EXERCISE:
The entries below contain pictures, which are to be left out; write out exactly, and only, the lines from the line with "View of houses" up to and including the line with "1940s TEENAGE WOMAN".

GIVEN DATA:
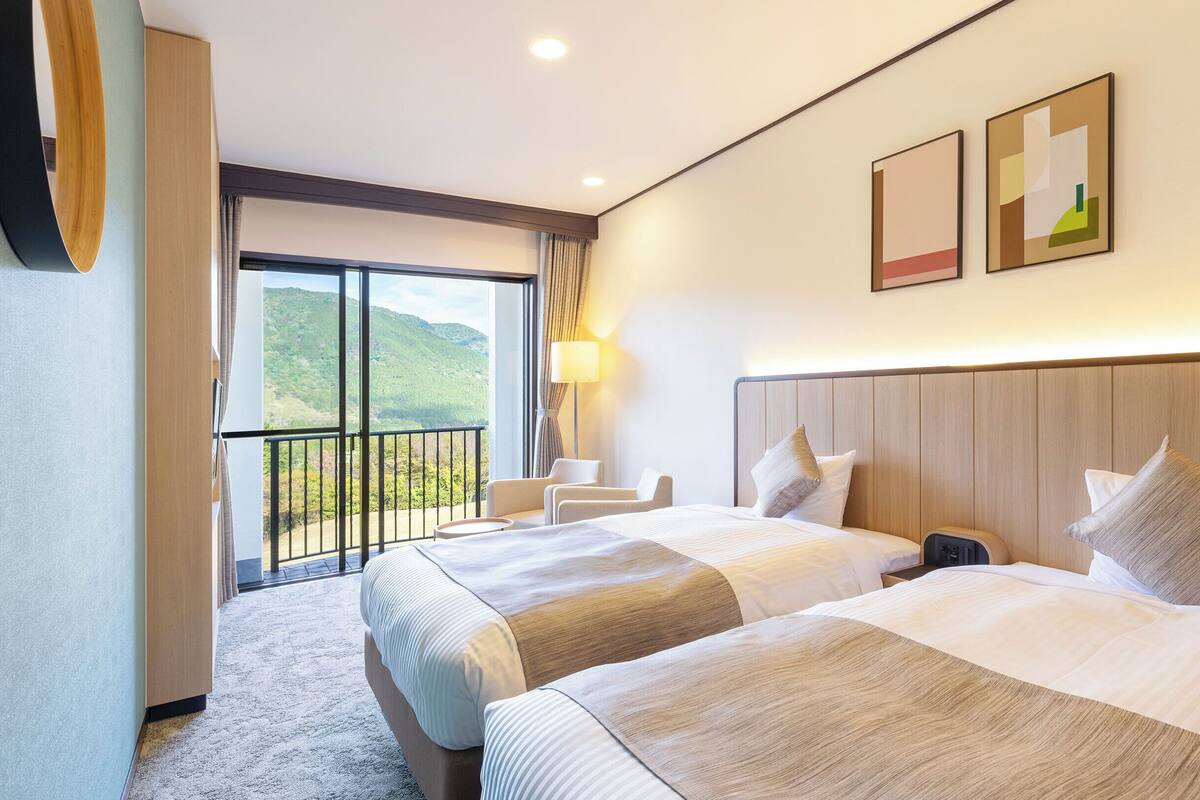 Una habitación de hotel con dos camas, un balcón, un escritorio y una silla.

---

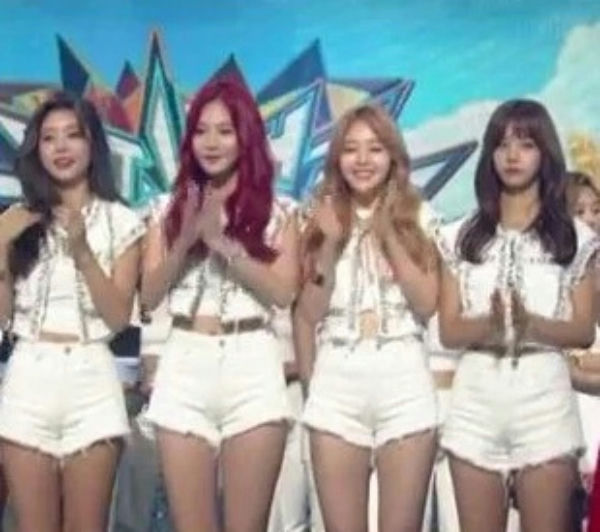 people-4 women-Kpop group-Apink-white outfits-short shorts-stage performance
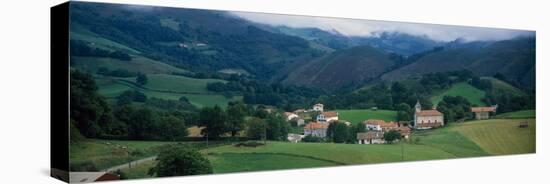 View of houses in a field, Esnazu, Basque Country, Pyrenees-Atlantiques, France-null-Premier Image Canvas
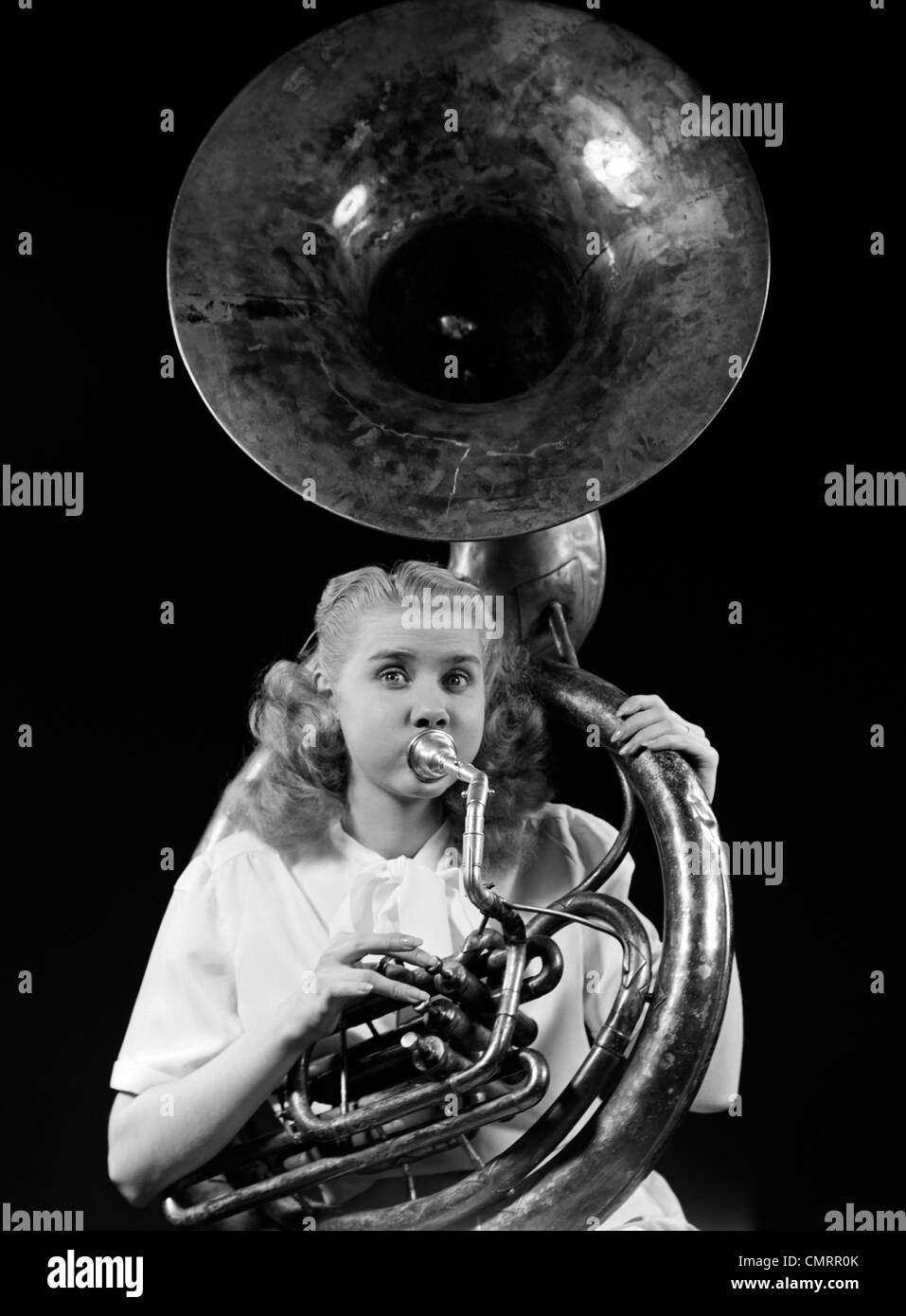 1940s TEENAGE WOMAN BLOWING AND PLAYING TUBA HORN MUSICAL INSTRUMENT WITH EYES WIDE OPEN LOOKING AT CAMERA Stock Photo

---

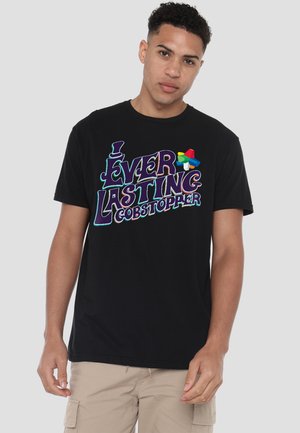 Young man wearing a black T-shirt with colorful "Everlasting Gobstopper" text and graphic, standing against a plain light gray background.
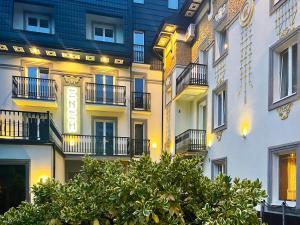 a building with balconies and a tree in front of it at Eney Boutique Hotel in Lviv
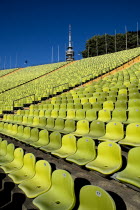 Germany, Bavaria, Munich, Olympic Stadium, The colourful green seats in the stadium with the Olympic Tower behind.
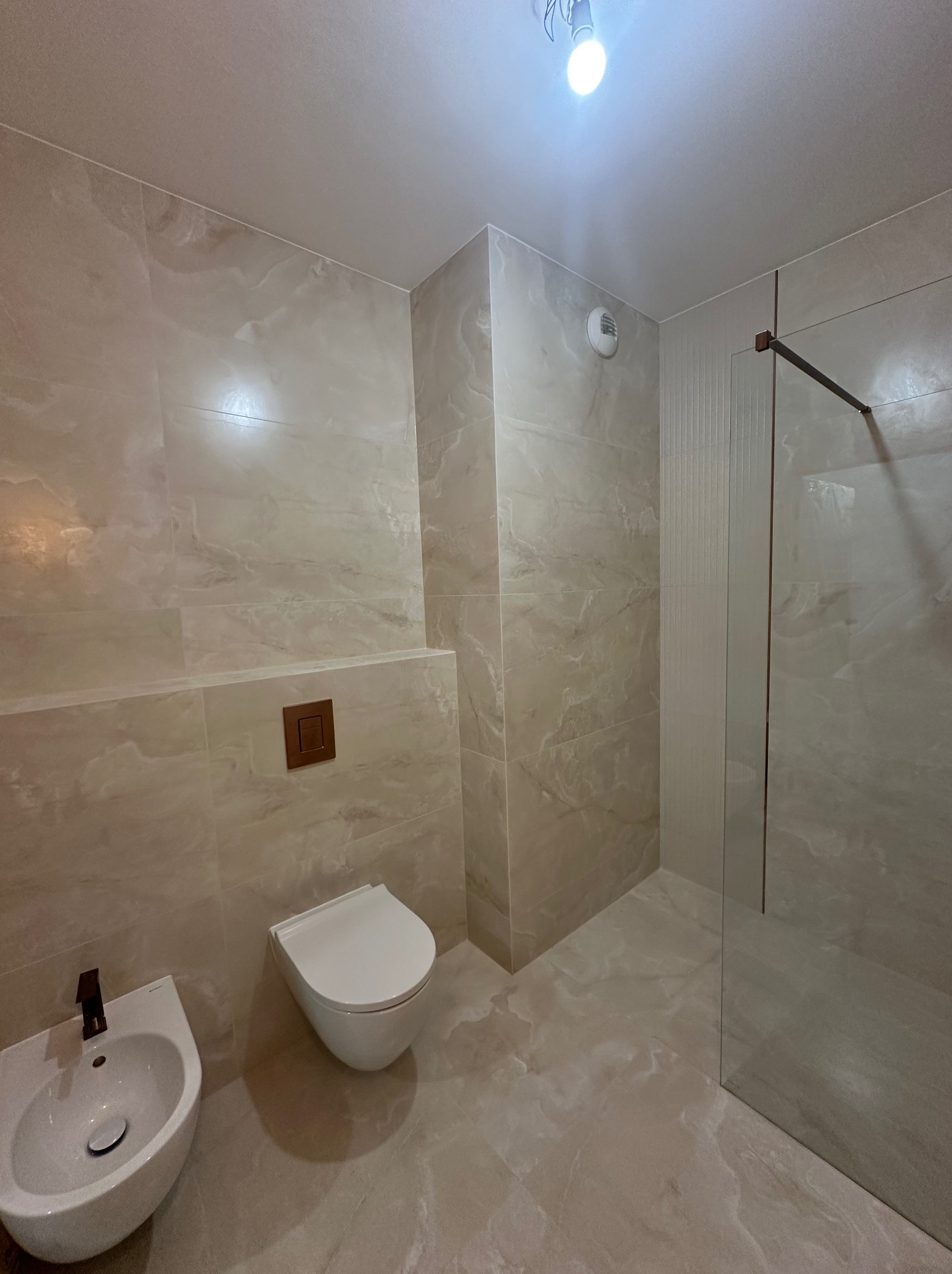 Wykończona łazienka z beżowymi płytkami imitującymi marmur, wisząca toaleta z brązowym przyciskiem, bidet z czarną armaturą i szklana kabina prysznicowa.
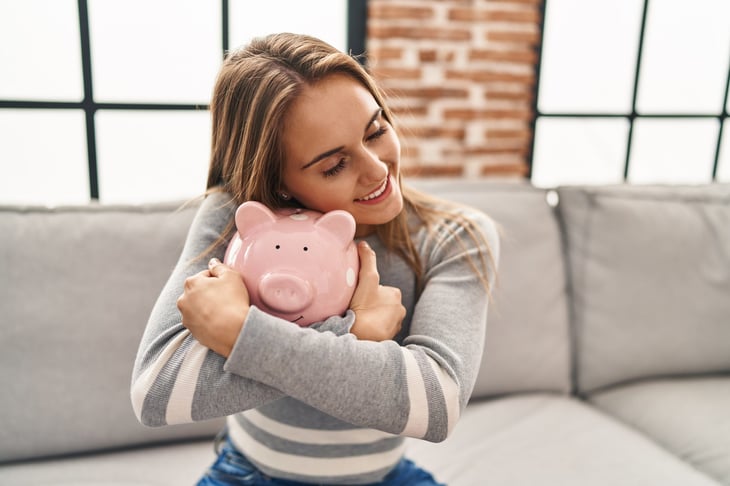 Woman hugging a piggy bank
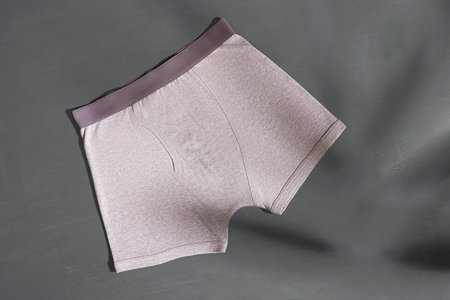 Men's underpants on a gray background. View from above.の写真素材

EXERCISE SOLUTION:
 View of houses in a field, Esnazu, Basque Country, Pyrenees-Atlantiques, France-null-Premier Image Canvas
 1940s TEENAGE WOMAN BLOWING AND PLAYING TUBA HORN MUSICAL INSTRUMENT WITH EYES WIDE OPEN LOOKING AT CAMERA Stock Photo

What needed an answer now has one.